EE Certification - Important Definitions

Resource

EE Certification - Important Definitions

Glossary of Selected Terms

Accreditation—

1.  General use: Approval of an educational program according to defined standards.

2.  As related to NAAEE: Status awarded to an Environmental Education Certification Program that has demonstrated compliance with the Standards for the Accreditation of EE Certification Programs set forth by the North American Association for Environmental Education.

Assessment—(verb or noun)

The processes or instruments used to both gather and score evidence on skills and knowledge acquired by individual candidates. Methods for gathering and scoring assessment evidence include, but are not limited to: tests (e.g., true/false, multiple choice, matching, short/restricted essay, and longer essay items) with accompanying answer and keys; and alternative assessments, interviews and observations forms with accompanying scoring tools (e.g., checklists, rating scales, or rubrics). Assessment results (evidence and scores) are used primarily to guide formative and summative decisions about candidate progress toward achievement of Certification Program competencies. On a secondary basis, assessment results can and should be used for program evaluation purposes.

Certification—

A process, often voluntary, by which individuals who have demonstrated the level of knowledge and skill required in the profession are identified to the public. 

Certification Program—

The standards, policies, procedures, assessment instruments, and related products and activities through which individuals are publicly identified as qualified in a profession, occupation, role, or skill.

Certifying Agent—

The organization that offers and/or operates a Certification Program. 

Competencies—

The specific kinds of knowledge, ability, or expertise that make one well-qualified or capable to deliver high-quality environmental education. 

Continuing Competence—

The ability to provide service at specified levels of knowledge and skill, not only at the time of initial certification but throughout an individual’s professional career. 

Continuing Education—

Activities, often short courses or workshops, in which certified professionals engage to receive credit for ongoing professional development, maintaining and broadening competence, and renewing certification. 

Core Competencies—

As approved by the NAAEE Board, core competencies are essential requirements for an individual to become certified as a professional environmental educator. 

Evaluation—

A systematic process for determining the merit, value, or worth of someone’s performance (the evaluee, such as a certification candidate) or something (the evaluand, such as the Certification Program and its features, including policies, plans, materials, processes, and records). See Assessment (of evaluees/candidates) and Program Evaluation (of evaluands/programs). 

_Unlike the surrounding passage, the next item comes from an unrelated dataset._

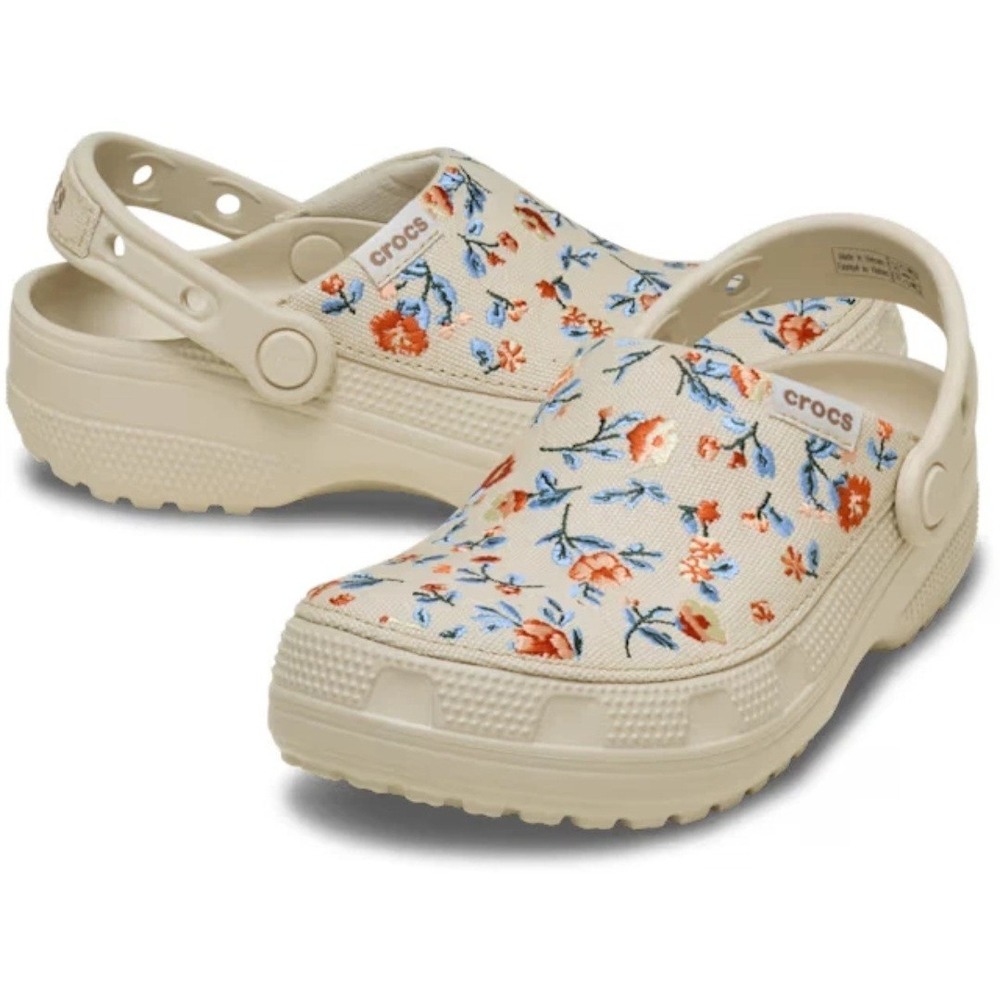 Crocs Classic Crafted Floral Clog Beige Canvas Slip On Comfort Womens Size 8 NEW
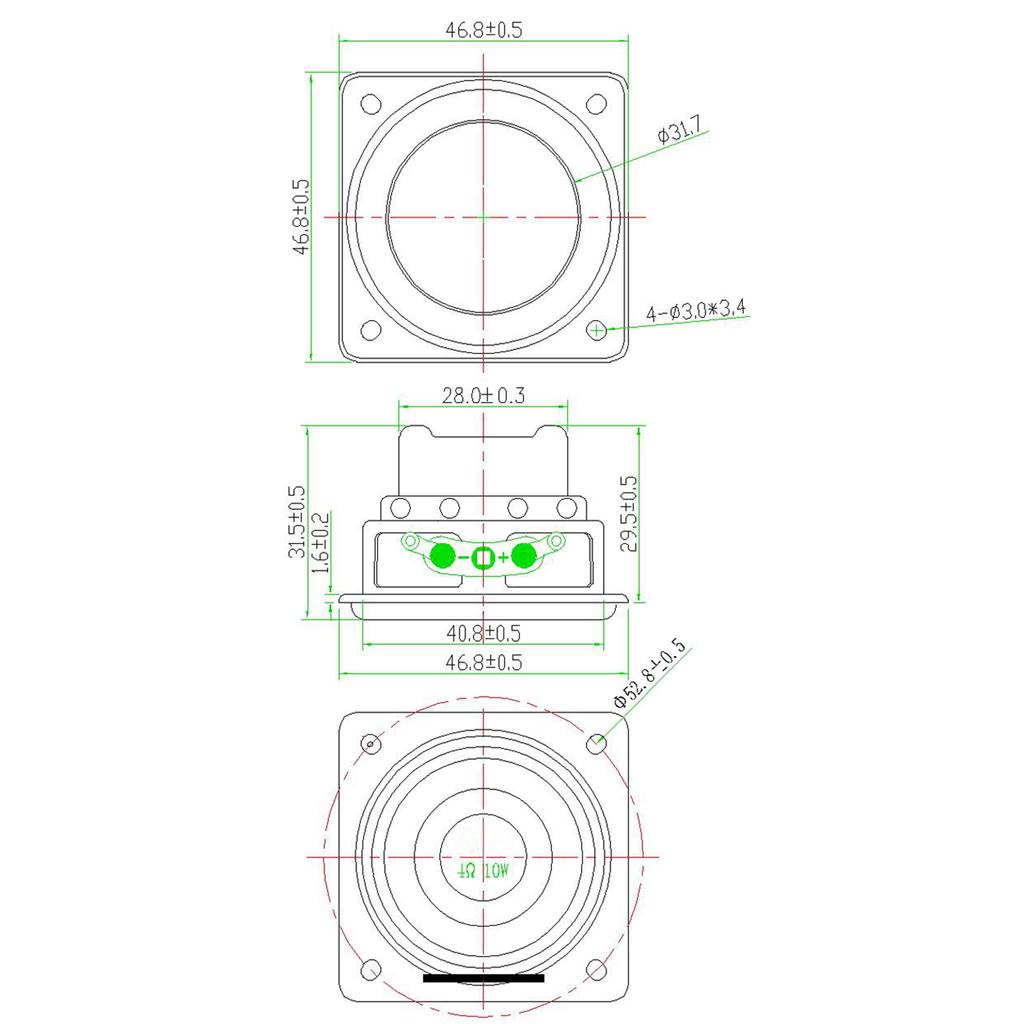 Versatile 47mm 4ohm Speaker Clear Sound 47mm Internal Magnetic Speaker 15W Loudspeaker Durable for Theater Multimedias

Professional Certification—

The voluntary process by which a non-governmental entity grants a time-limited recognition and use of a credential to an individual after verifying that he or she has met predetermined and standardized criteria. It is the vehicle that a profession or occupation uses to differentiate its members from non-members, or among members with differing levels of knowledge and ability, using competencies, developed through consensus-driven process, based on existing legal and psychometric requirements. The holder of a professional certification is called a certificant.

Recertification—

Requirements and procedures established as part of a Certification Program that certificants must meet in order to ensure continuing competence and renew their certification. See Continuing Competence and Continuing Education. 

Rubric—

A scoring tool that describes that identifies criteria for and describes benchmarks at different levels of performance for use in quantifying a learner’s attributes and performance. 

Self-Assessment—

A process by which an instrument is self-administered for the specific purpose of providing performance feedback rather than a pass/fail decision, usually for the purpose of self-improvement.